Invertible Pruning Mask (IPM)
Novel technique introduced
Model pruning has gained traction as a promising defense strategy against backdoor attacks in deep learning. However, existing pruning-based approaches often fall short in accurately identifying and removing the specific parameters responsible for inducing backdoor behaviors. Despite the dominance of fine-tuning-based defenses in recent literature, largely due to their superior performance, pruning remains a compelling alternative, offering greater interpretability and improved robustness in low-data regimes. In this paper, we propose a novel pruning approach featuring a learned \emph{selection} mechanism to identify parameters critical to both main and backdoor tasks, along with an \emph{invertible} pruning mask designed to simultaneously achieve two complementary goals: eliminating the backdoor task while preserving it through the inverse mask. We formulate this as a bi-level optimization problem that jointly learns selection variables, a sparse invertible mask, and sample-specific backdoor perturbations derived from clean data. The inner problem synthesizes candidate triggers using the inverse mask, while the outer problem refines the mask to suppress backdoor behavior without impairing clean-task accuracy. Extensive experiments demonstrate that our approach outperforms existing pruning-based backdoor mitigation approaches, maintains strong performance under limited data conditions, and achieves competitive results compared to state-of-the-art fine-tuning approaches.
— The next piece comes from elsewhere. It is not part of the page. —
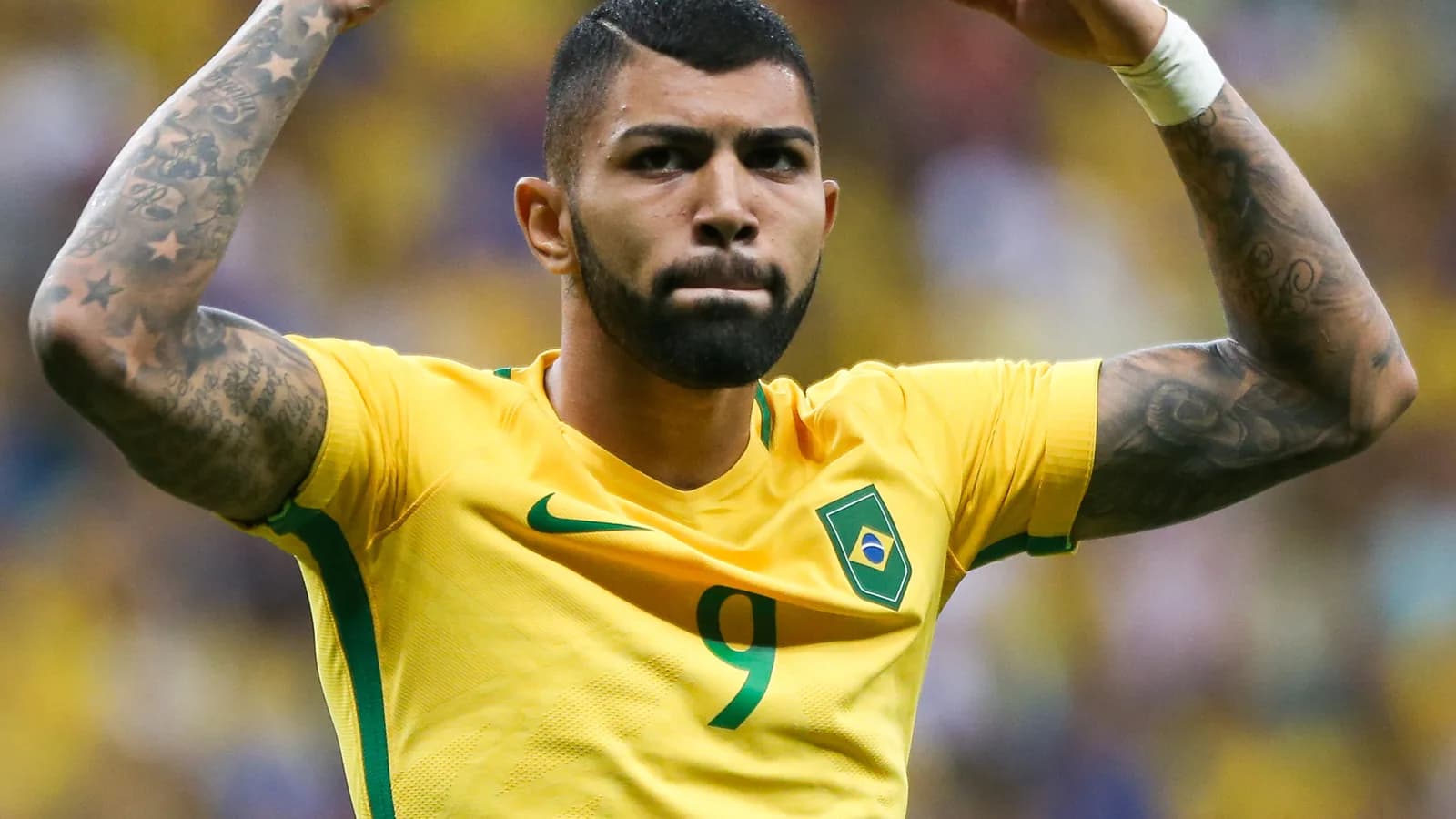 Gabriel Barbosa comemora em jogo pela Seleção Brasileira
Notably, the proposed approach is particularly effective in restoring correct predictions for compromised samples after successful backdoor mitigation.
Key Contributions
- Invertible pruning mask that simultaneously suppresses backdoor behavior (forward mask) and validates trigger synthesis (inverse mask), providing a dual-view dissection of model components
- Learned selection mechanism that identifies neurons/filters critical to both clean and backdoor tasks, restricting pruning to eligible components and avoiding over-pruning
- Bi-level optimization framework that jointly learns selection variables, the sparse invertible mask, and sample-specific backdoor perturbations synthesized from clean data — without requiring access to poisoned training data
🛡️ Threat Analysis
The paper's entire contribution is a defense against backdoor/trojan attacks: it proposes an invertible pruning mask and bi-level optimization framework to identify and remove model parameters responsible for trigger-activated misclassification, directly mitigating backdoor behavior embedded in deep neural networks.